RECORDS SHOWN »
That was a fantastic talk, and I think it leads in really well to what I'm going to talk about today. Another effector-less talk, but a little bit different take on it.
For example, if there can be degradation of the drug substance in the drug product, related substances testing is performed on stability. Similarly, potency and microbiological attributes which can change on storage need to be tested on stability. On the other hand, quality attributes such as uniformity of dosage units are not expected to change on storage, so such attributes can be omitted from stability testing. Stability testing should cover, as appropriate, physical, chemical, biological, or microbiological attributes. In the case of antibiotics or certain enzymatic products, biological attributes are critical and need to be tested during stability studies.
==
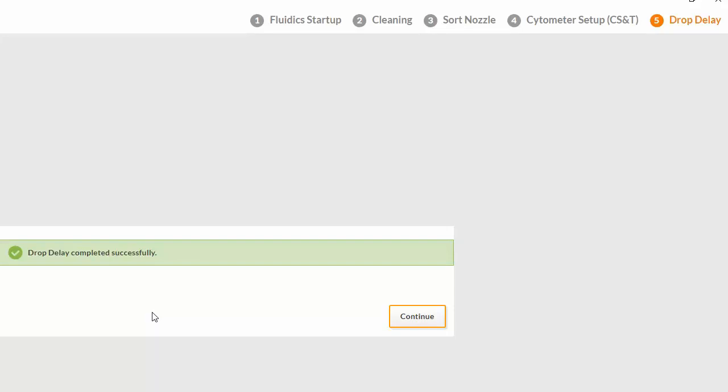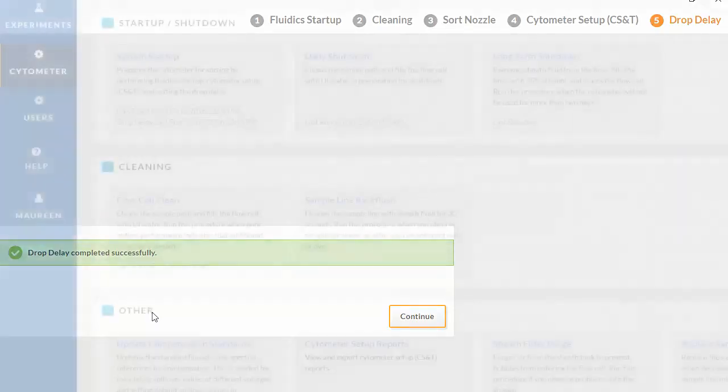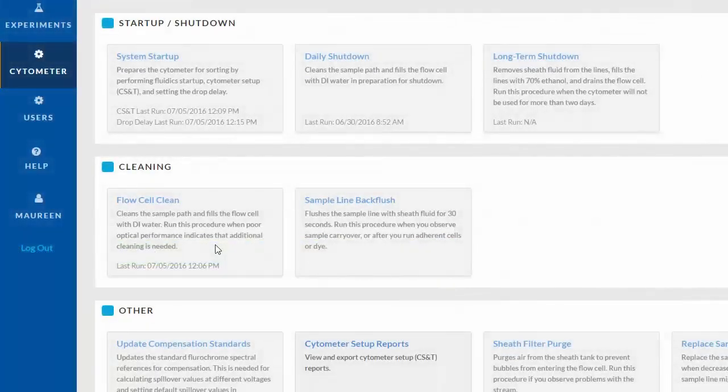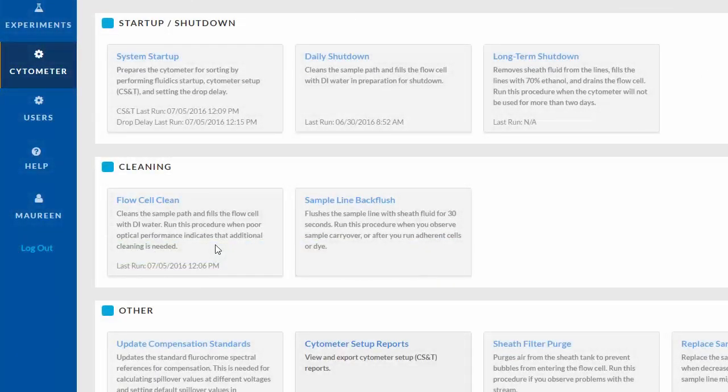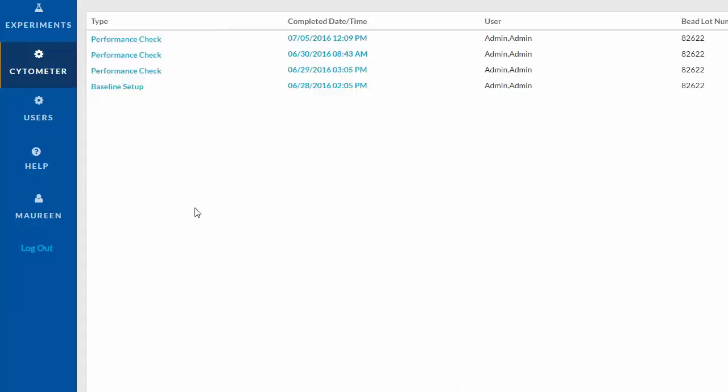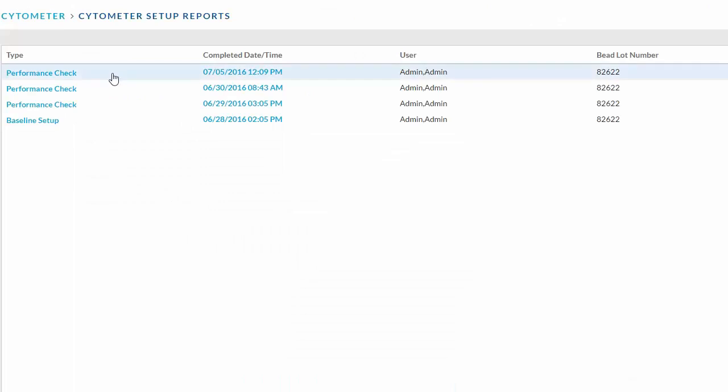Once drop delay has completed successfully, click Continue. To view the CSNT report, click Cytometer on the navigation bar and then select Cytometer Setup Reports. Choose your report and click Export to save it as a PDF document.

WORK INSTRUCTION »
Word for word, restate the lines of the listing above starting at the line with "That was a fantastic" and ending at the line with "For example, if", and nothing outside them.

ANSWER BOX »
That was a fantastic talk, and I think it leads in really well to what I'm going to talk about today. Another effector-less talk, but a little bit different take on it.
For example, if there can be degradation of the drug substance in the drug product, related substances testing is performed on stability. Similarly, potency and microbiological attributes which can change on storage need to be tested on stability. On the other hand, quality attributes such as uniformity of dosage units are not expected to change on storage, so such attributes can be omitted from stability testing. Stability testing should cover, as appropriate, physical, chemical, biological, or microbiological attributes. In the case of antibiotics or certain enzymatic products, biological attributes are critical and need to be tested during stability studies.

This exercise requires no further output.